* WORK TO BE COMPLETED
Starting at the line where "Haldi Ceremony In" occurs, reproduce each line through the end of the entries below exactly. Omit every picture.
··· INFORMATION SUPPLIED ···
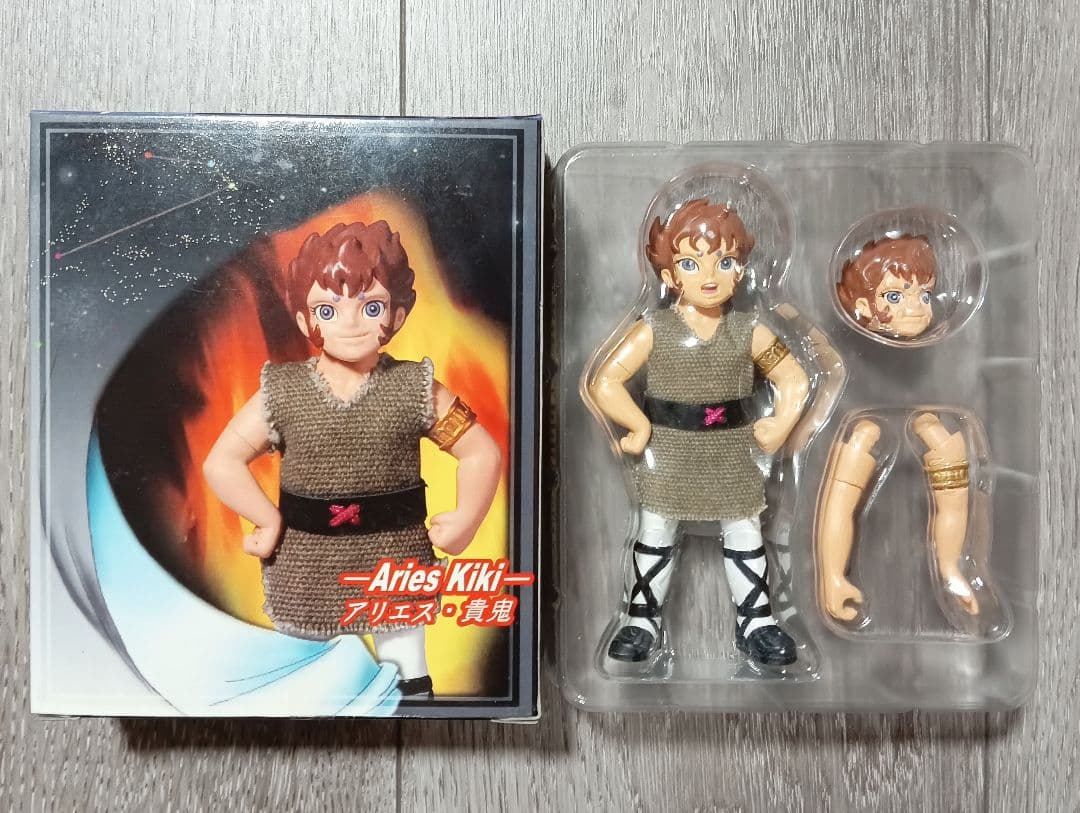 聖闘士聖衣神話　黄金聖闘士12体＋教皇シオン＋貴鬼セット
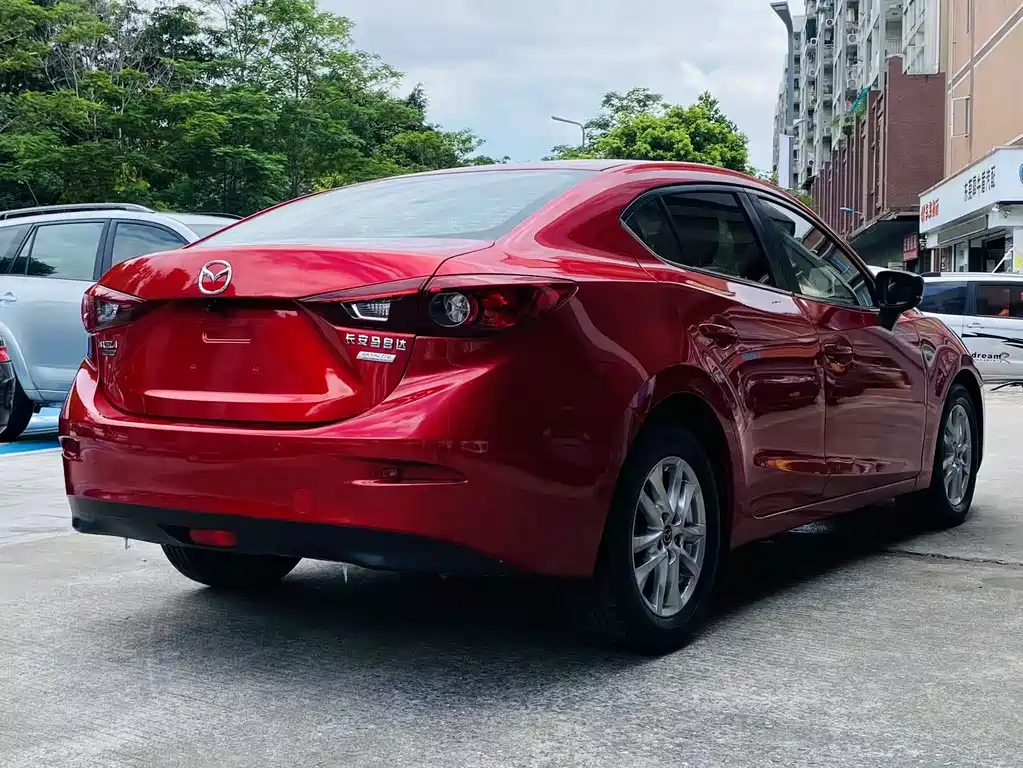 MAZDA  3 ANGKESAILA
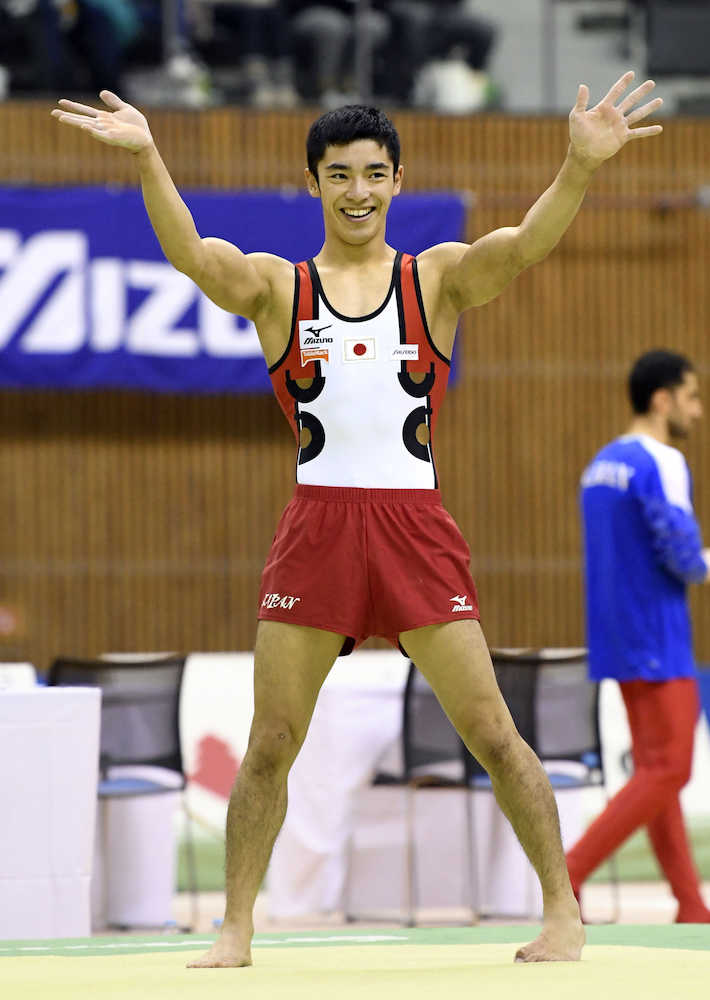 豊田国際体操第１日　男子床運動の演技を終え、声援に応える白井
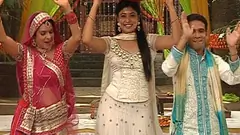 Haldi Ceremony In Dr. Nidhi's House Thumbnail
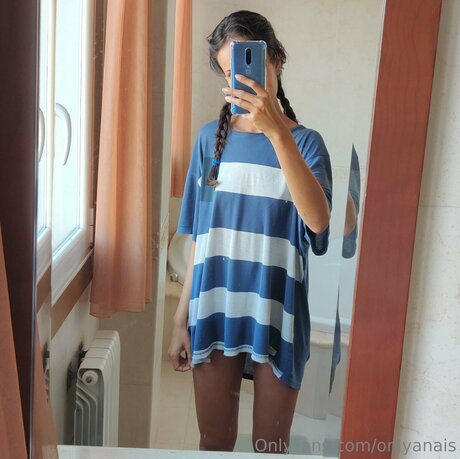 Sweetanais03 nackt hübsche fotos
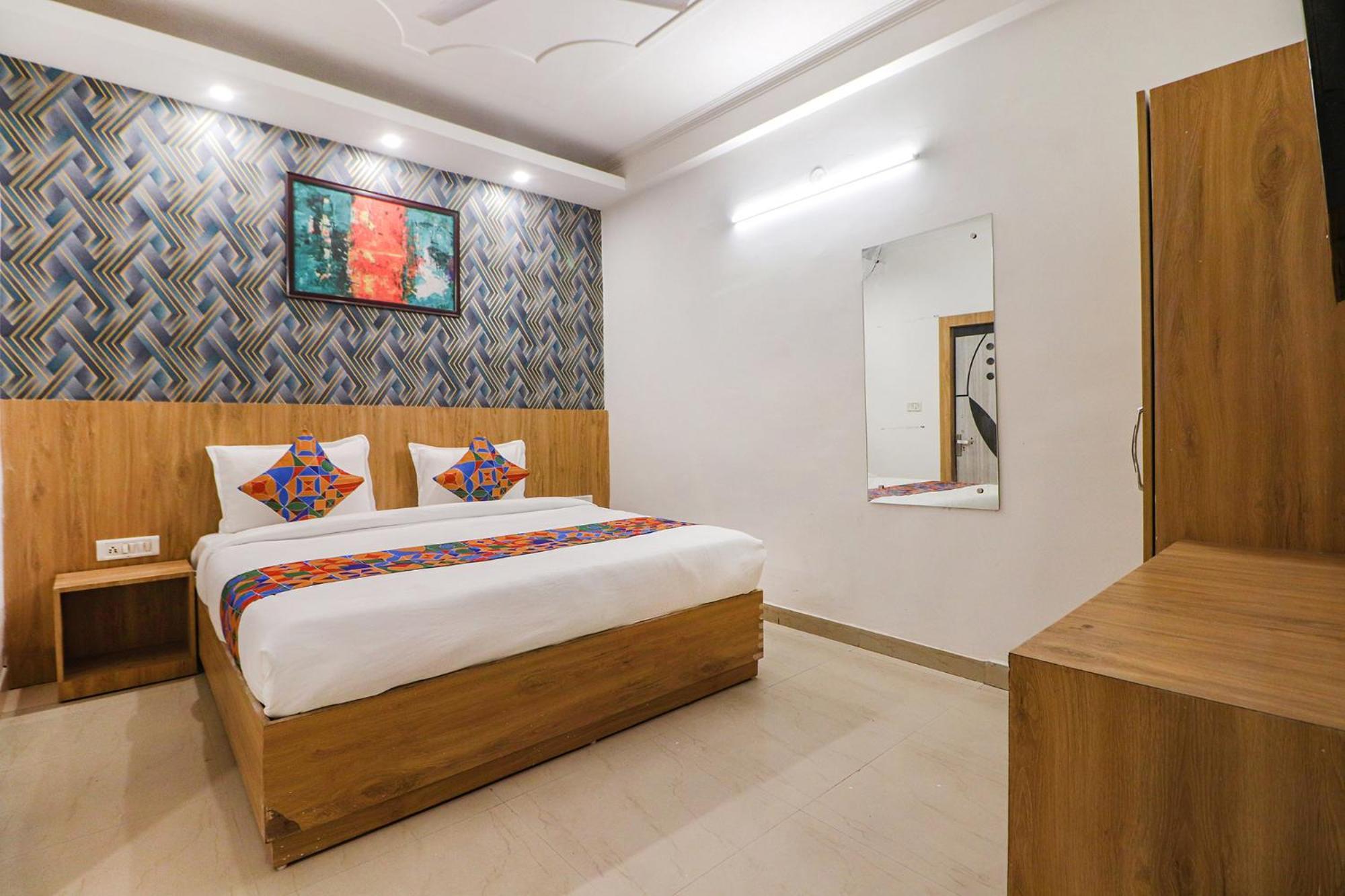 Fabhotel Rainbow Villa Near Igi Airport Nueva Delhi Exterior foto
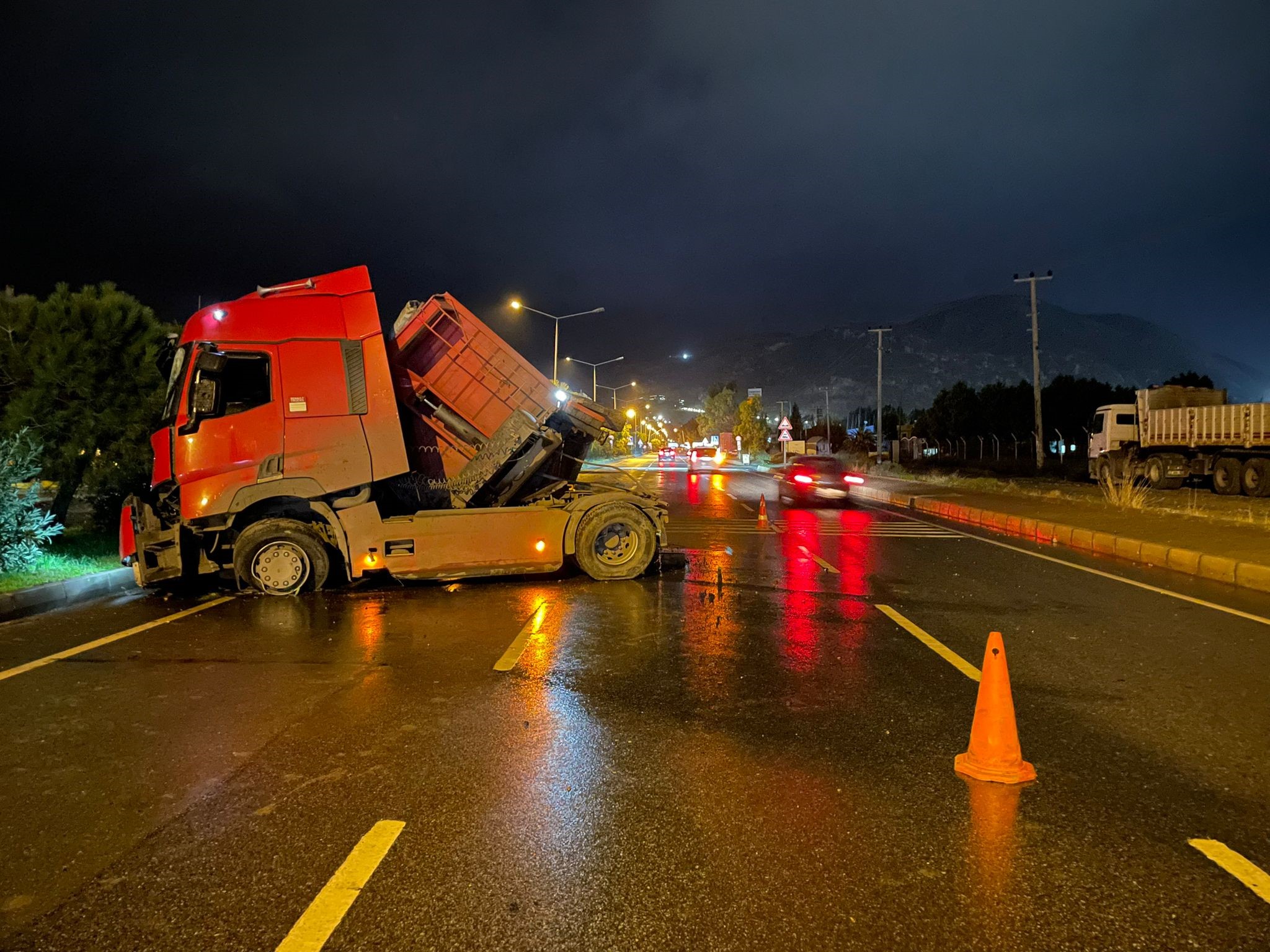 TIR KARŞI ŞERİDE GEÇİP DEVRİLDİ:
···
* SOLVED EXERCISE
 Haldi Ceremony In Dr. Nidhi's House Thumbnail
 Sweetanais03 nackt hübsche fotos
 Fabhotel Rainbow Villa Near Igi Airport Nueva Delhi Exterior foto
 TIR KARŞI ŞERİDE GEÇİP DEVRİLDİ:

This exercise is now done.